The agreement rates for each action were calculated, following the procedure by Vatavu and Wobbrock [29]. The results show noticeable leaps in agreement rates which divide the actions into groups, such as the leaps between the actions Move and Mark complete, Mark complete and Copy short, and also between Delete and Color change (see Fig. 4).

Fig. 4.
figure 4

Agreement rates for the 12 actions in descending order.

4.2 Taxonomy

As previously explained, all elicited gestures were defined according to four taxonomy categories (see Table 1). The results of these definitions can be seen in Fig. 5. Out of all the 312 gestures provided during the study, 251 were performed using only the right hand, 20 with only the left hand, and 41 with both hands. Only two of the left handed gestures were performed by a right-handed user. In total; 23 right-handed participants provided two left-handed gestures, while the three left-handed participants provided seven right-handed gestures.

Fig. 5.
figure 5

Taxonomy distribution, color coded by category: Form, Nature, Binding, Flow.

Looking at the collected data and the results represented in Figs. 4 and 5, it seems that actions within the Nature and Binding categories that are classified as physical and object-centric (also continuous from the Flow category) generally score higher. In fact, the four actions that were ranked the lowest in terms of agreement rates were also the only four that had predominantly gestures classified in the Abstract category.

4.3 Gesture Set

A gesture set was produced as shown in Table 2 and illustrated in Fig. 6. Each single gesture corresponds to an action; a gesture is defined by its form, nature, binding, and flow (all defined in Table 2). Since the results did not show any major differences between the actions Copy long and Copy short they were combined into Copy. Similarly, Undo single delete and Undo multiple delete were treated the same way and were thus combined into Undo. This resulted in a set of 10 actions in total.
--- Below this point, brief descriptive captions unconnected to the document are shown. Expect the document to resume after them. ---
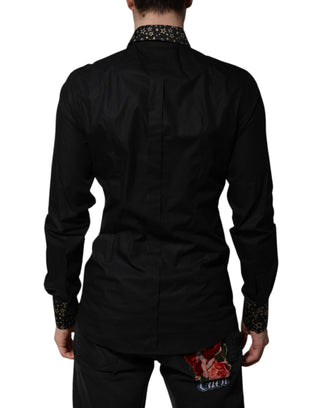 Dolce & Gabbana Black Cotton GOLD Long Sleeves Dress Shirt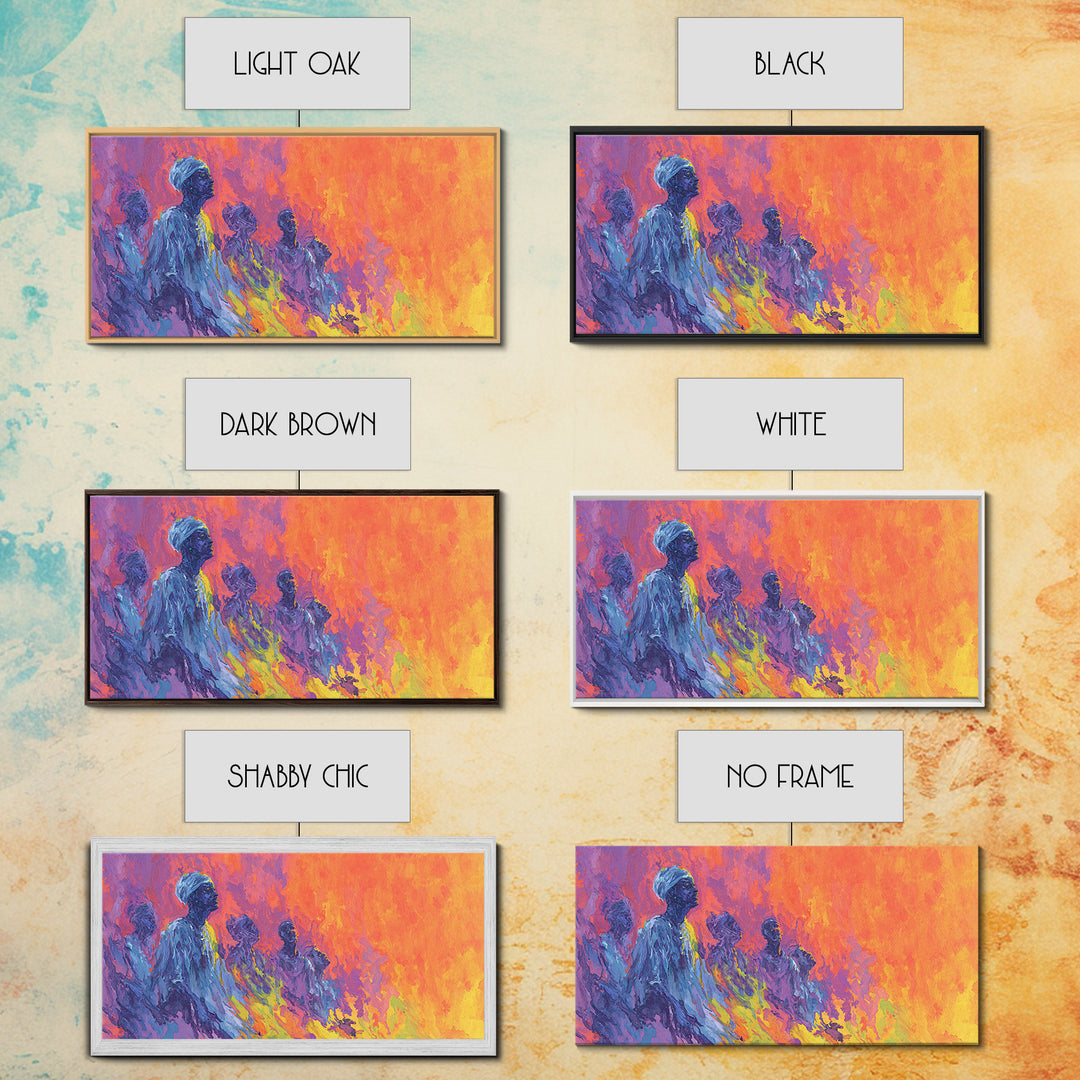 Blue Ancestral Figures By Fire Wall Art, Abstract African Art, Spiritual Cultural Painting, Orange And Purple Decor Gift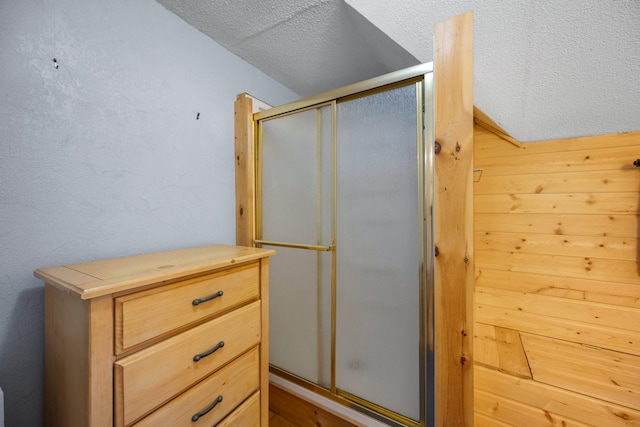 3592 Blom Lake Dr, Frederic, WI 54837 - full bath with a stall shower and a textured ceiling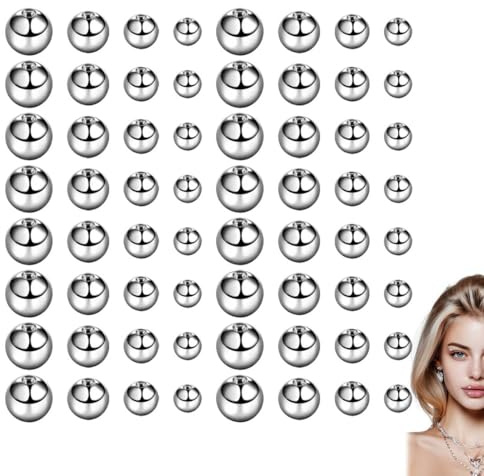 GNALIA Piercing Lengua 32 Piezas, Bolas Acero Quirúrgico Plateado 3Mm 4Mm 5Mm 6Mm Para Ombligo Nariz Labio Cejas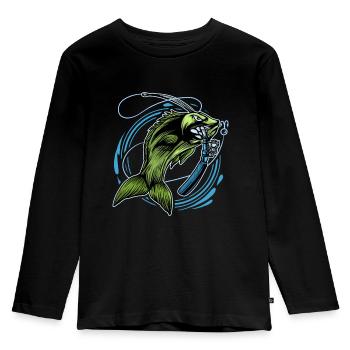 Angeln - Kinder Premium Bio Langarmshirt - Schwarz - Vorne - AI Model Kid Male (0cm)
Table 2. The gesture set for the user study’s actions with occurrence data. The gestures elicited for Copy long and Copy short barely differed and were thus joined into Copy. Undo single delete and Undo multiple delete were similarly joined into Undo. oc = object centric, md = mixed dependencies, wi = world independent. cont = continuous, disc = discrete. opp = one-point path, opt = one-point touch, dp = dynamic pose
Fig. 6.
figure 6

Illustrations of the user-defined gesture set. Gestures illustrated with 1 finger can also be performed with 2 or 3 fingers. “S” is short for source and “D” for destination.

4.4 Cultural Differences

Breaking down the combined results as presented in Figs. 4 and 5 exposes the differences in agreement rate and taxonomy distribution on the cultural level. The international group (non-Turkish participants) scored overall higher agreement rates, measuring in at 0.38 compared to 0.22 for the Turkish group. Looking at individual actions, the agreement rates follow largely the same trends. There are however noticeable differences for both copy actions that show higher agreement rates for the international users (0.58 versus 0.17 for Copy Long, and 0.61 versus 0.24 for Copy Short). As for the taxonomy, both groups had almost identical numbers, with the exception of the international group not having performed any gestures defined in the forms Dynamic pose and path, static pose & Static pose and path, and instead having a larger share of one-point-path gestures.

5 Pilot Study

The pilot study featured a fully functional system deployed on a 55 in. touch display placed in an open space at an office. The system consisted of pre-defined gestural actions deployed on a planning application (Visual Planning, by YoleanFootnote 2) - a web based visual management tool used in organisations to visualise and organize employees’ tasks on various platforms. We chose a 55 in. display as it allowed us to test the gestures on a large display of different size, suggesting how the results might be generalisable. This is considered to be a contribution to the base of several iterative cycles to validate the results, and further studies into generalisability are required and beyond the scope of the study presented in this paper.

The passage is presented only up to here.